Эманация своего времени, излучаемая самыми заурядными фотодокументами, велика; с особенной силой эта "энергия" освобождается, когда такой документ попадает в контекст иного времени. Этот эффект широко используется в современном кинематографе (безмолвно сменяющиеся в укрупненном кадре любительские фотографии, развешанные по стенам в фильмах О. Иоселиани). Еще раньше он был открыт литературой.
Кто держал когда-нибудь в руках первое издание повести М. Зощенко "М. П. Синягин (воспоминания о Мишеле Синягине)", вышедшее в издательстве писателей в Ленинграде в 1931 году, помнит открывавший книгу портрет молодого человека - он сидит, облокотясь на спинку дивана, с книжкой какого-то журнала в руке, в позе одновременно и вольной, и напряженной. В портрете серьезное соседствует с неуловимо комическим - в проборе ли дело, проходящем ровно посредине и придающем узкому, породистому лицу отпечаток незначительности, во взгляде ли, полном слегка деланной меланхолии, а может быть, в некоторой манерности и стилизованности позы. Под портретом подпись - "М. П. Синягин, 1916 г.", но это не рисованный портрет, а фотография - точно такая же, как и остальные иллюстрации в книге: "Симочка М. в год окончания гимназии, 1916 г.", "Анна Аркадьевна Синягина, 1908 г.", "Изабелла Ефремовна Крюкова, 1924 г.". О происхождении некоторых из этих фотографий рассказала нам вдова писателя Вера Владимировна Зощенко. Оказывается, на первой из них - лицо реальное, Евгений Антонович Пуст, у которого она снимала летом 1918 года дачу в Стрельне; хозяин дачи слегка ухаживал за молодой женщиной и подарил ей свою карточку: "В 1930 году Михаил Михайлович увидел у меня в альбоме эту фотографию и решил, что она очень подходит для его книги..." А Симочка М.

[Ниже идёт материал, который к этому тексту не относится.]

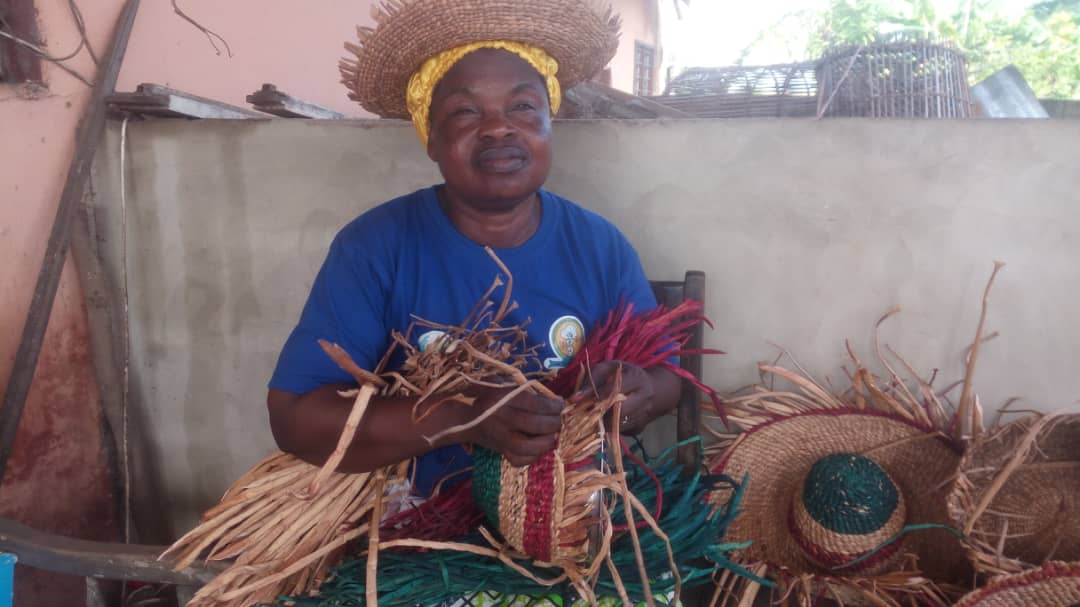 woman weaving a hat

– это Маруся Земцева, соученица Веры Владимировны по петербургской гимназии ("Она потом обижалась, обнаружив свою фотографию в книге").
Почему же такое двойственное впечатление производит портрет молодого человека, помещенный в начале книги? В альбоме среди фотографий 1910-х годов он был бы "у себя дома"; помещенный в контекст книги - в тридцатые годы, - он резко обнаружил эту прикрепленность к своему времени, несоответствие иной эпохе, стиль стал стилизованностью и приобрел возможность пародийного истолкования, подтвержденного текстом книги. Но, став частью книги, фотографии не подчинились только новому их осмыслению; они не утратили и своей "подлинной" окраски,
"живые люди" на фотографиях безмолвно подчеркивали серьезную ноту авторского голоса. Повесть сильнее, чем остальные произведения Зощенко, ориентированная на пореволюционную "биографию" целого социального слоя, оказалась как бы продокументированной: лица на снимках глянули на читателя в упор, как реальные безымянные "двойники" героев, разделившие их историческую судьбу. А стилизованность их поз и костюмов попадала в унисон с не менее сильно звучавшей в повести нотой иронической.
...Но будем рассматривать нашу "без замысла" подобранную коллекцию дальше. Вот предвоенные фотографии - учительская горного техникума в маленьком городке Северного Казахстана. Карта Европы на стене, свежая газета, в которую с такой истовостью вглядывается молодой преподаватель.
Лето 1940 года, пионеры и комсомольцы Артека - отличники и активисты на экскурсии в Алупке. Фотография черно-белая, но яркое крымское солнце заливает каменного льва на дворцовой лестнице, белоснежные панамы и блузки, одинаковые у девушек и ребят.
На первый план вылезают длинные ноги и руки пятнадцатилетних мальчиков. Глаз невозможно оторвать от этих голоногих, долговязых, залитых солнцем, на которых с почти осязательной неотвратимостью наползает лето 1941 года.
31 декабря 1940 года. Московская квартира, освещенная в праздничный вечер верхним светом и огнями елки. Четверо детей - от пятнадцатилетнего до трехлетней - и мать, которая через десять месяцев поедет с ними из Москвы в товарном эшелоне. Фотографии первых военных месяцев... первых послевоенных лет. Высокие "солдатские" плечи на платьях женщин, пиджаки с чужого плеча на мальчиках, мужчины в сапогах и галифе.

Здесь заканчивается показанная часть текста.